What the task requires:
The output should be the listing below, limited to the lines from the one with "Водій INFINITI виїхав" through the one with "New 2026 Vapor", exact and without pictures.

Material provided:

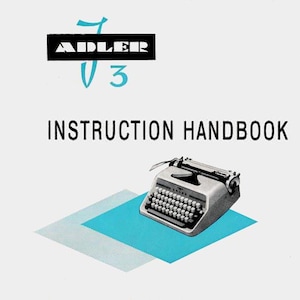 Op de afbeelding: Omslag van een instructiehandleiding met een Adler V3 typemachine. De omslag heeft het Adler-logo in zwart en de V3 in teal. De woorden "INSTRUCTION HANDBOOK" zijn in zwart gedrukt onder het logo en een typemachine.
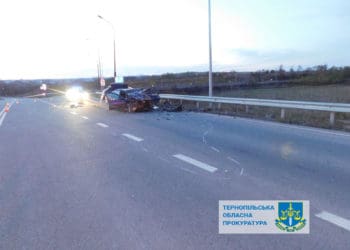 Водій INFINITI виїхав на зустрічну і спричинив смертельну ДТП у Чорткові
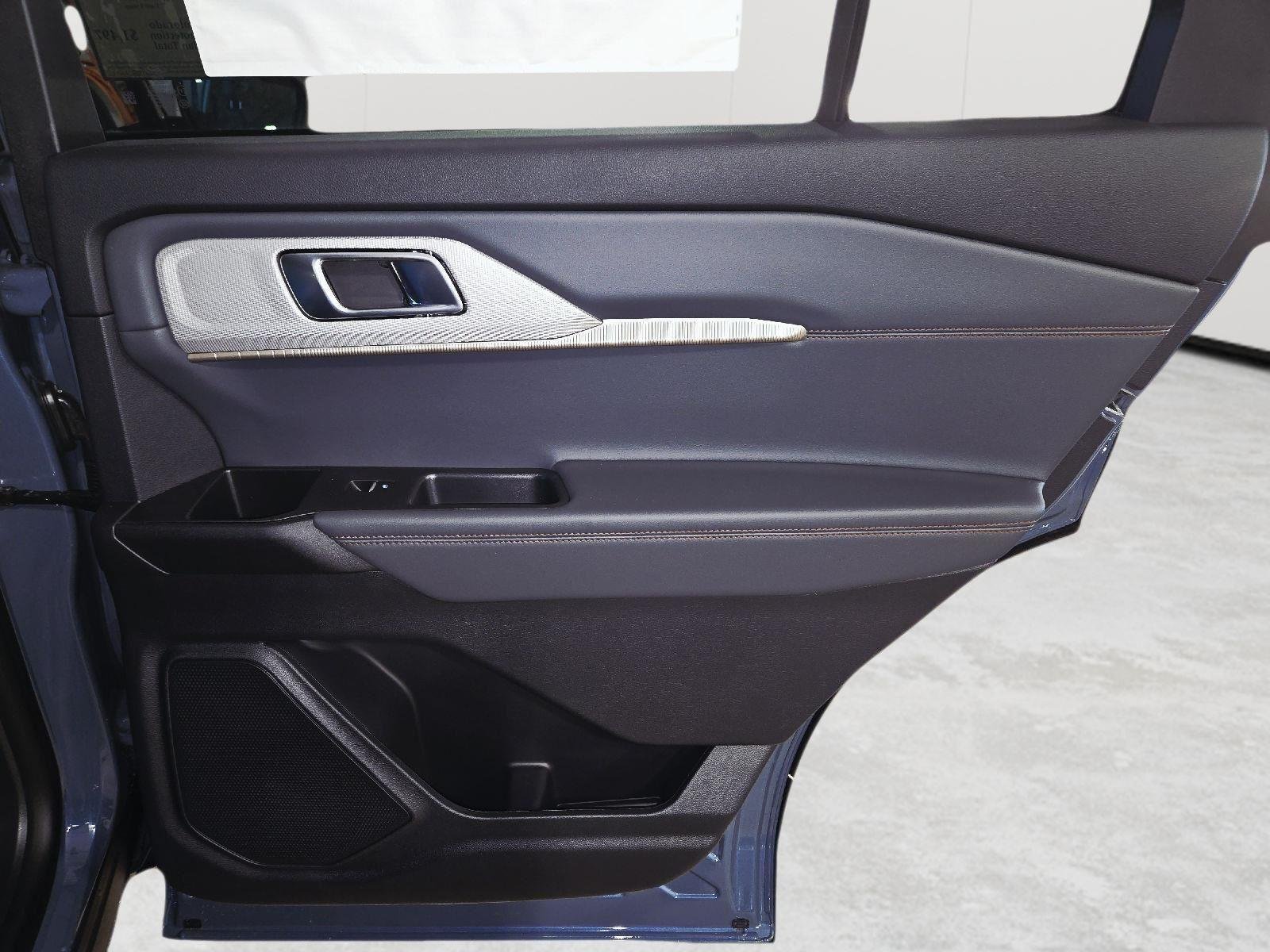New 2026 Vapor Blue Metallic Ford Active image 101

...

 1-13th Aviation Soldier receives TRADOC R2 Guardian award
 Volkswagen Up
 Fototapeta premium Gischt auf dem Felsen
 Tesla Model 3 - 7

Result:
 Водій INFINITI виїхав на зустрічну і спричинив смертельну ДТП у Чорткові
New 2026 Vapor Blue Metallic Ford Active image 101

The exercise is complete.